'Elei Sinai - 317 days without a home," read the sign last week on the shoulder of Route 4 at the Yad Mordechai Junction. Behind the sign, on a five-dunam stretch of dirt and weeds next to the gas station and restaurant at the junction, stands the protest tent camp where approximately 30 of the 84 families uprooted from the Gush Katif settlement of Elei Sinai have been living for the last 10 months since disengagement.
"We walked out of Elei Sinai [about 6 km. away] on August 21. It took us about six hours because we stopped along the way," said Yossi Barbi, 50, a hearty, down-to-earth personnel company employee sitting out a day off in the big tent that serves as the camp's kitchen, dining room and TV room, and which is covered with netting against the ferocious summer heat. "We thought we would be here for a couple of days, that somebody would realize that they couldn't just leave us like this."
That was 10 months and many promises ago.
The tent dwellers at Yad Mordechai are the only evacuees among the roughly 9,000 from Gush Katif and northern Samaria who are living in tents, but they are by no means the only ones who haven't found a permanent housing solution yet; a recent report to the Knesset found 92 percent of the victims of disengagement to be in that boat.
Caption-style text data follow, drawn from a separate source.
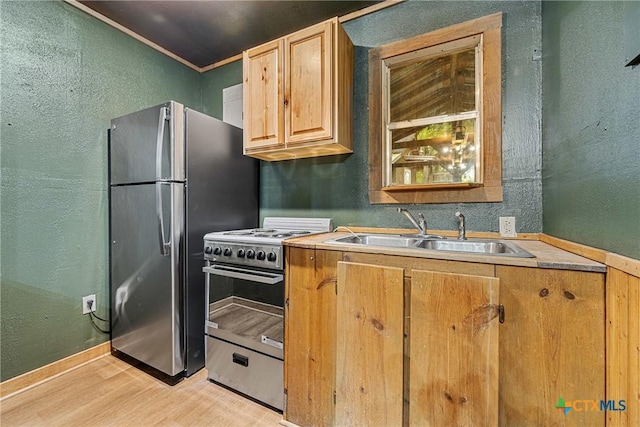 3268 Eagle Point W Ave, Belton, TX 76513 - kitchen featuring a sink, a textured wall, stainless steel appliances, light wood-type flooring, and baseboards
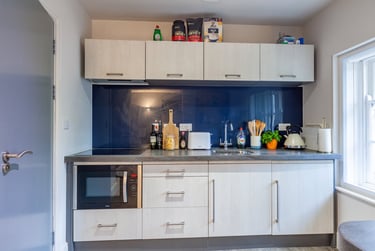 1 bed studio, Princess Way, St Mary`s Court, City Centre, Swansea, SA13AU - Image 5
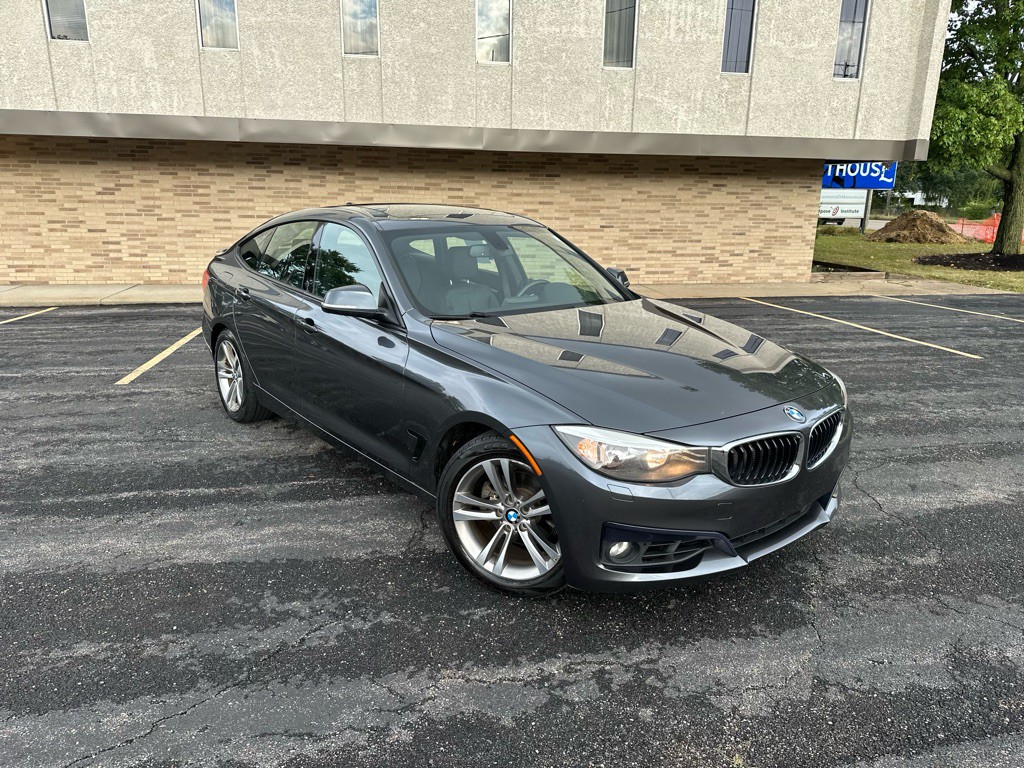 2016 BMW 3 Series Image 2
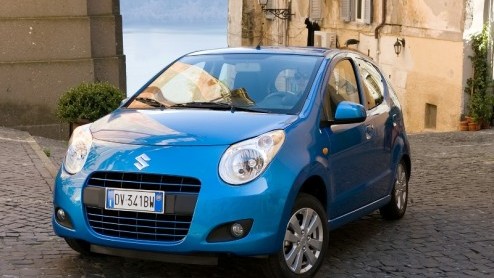 Jarenlang was de Suzuki Alto het boegbeeld van de compacte klasse. Na stilletjes van het toneel verdwenen te zijn in 2006 keert deze lente  tegelijkertijd met het 100 jarige bestaan van Suzuki - het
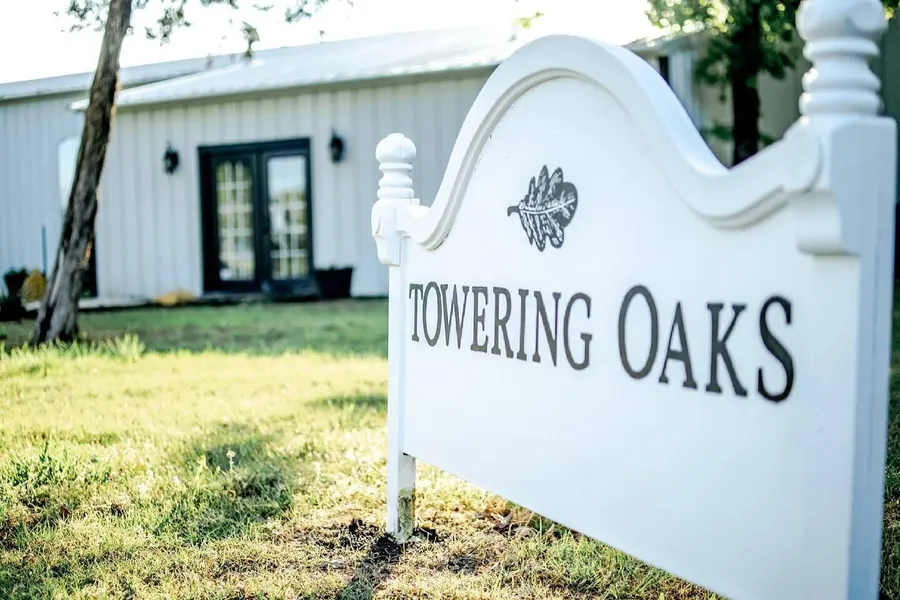 Towering Oaks Event & Retreat Center hotel detail image 6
The ones at Yad Mordechai, however, may be the most determined. And when it comes to where, how and with whom they want to live, they may also be the most picky.
Given that they set up camp on the bare ground next to a freeway intersection, the families have kept the community in excellent shape; it looks sort of like a small, very well-disciplined army outpost. They live in large tents, with each family having its own smaller tent or cordoned-off area. Nevertheless, "Moshe," an off-duty IDF major among them, says, "There's no privacy here."
They have a walk-in freezer next to a caravan with stoves, microwaves and lockers for a kitchen.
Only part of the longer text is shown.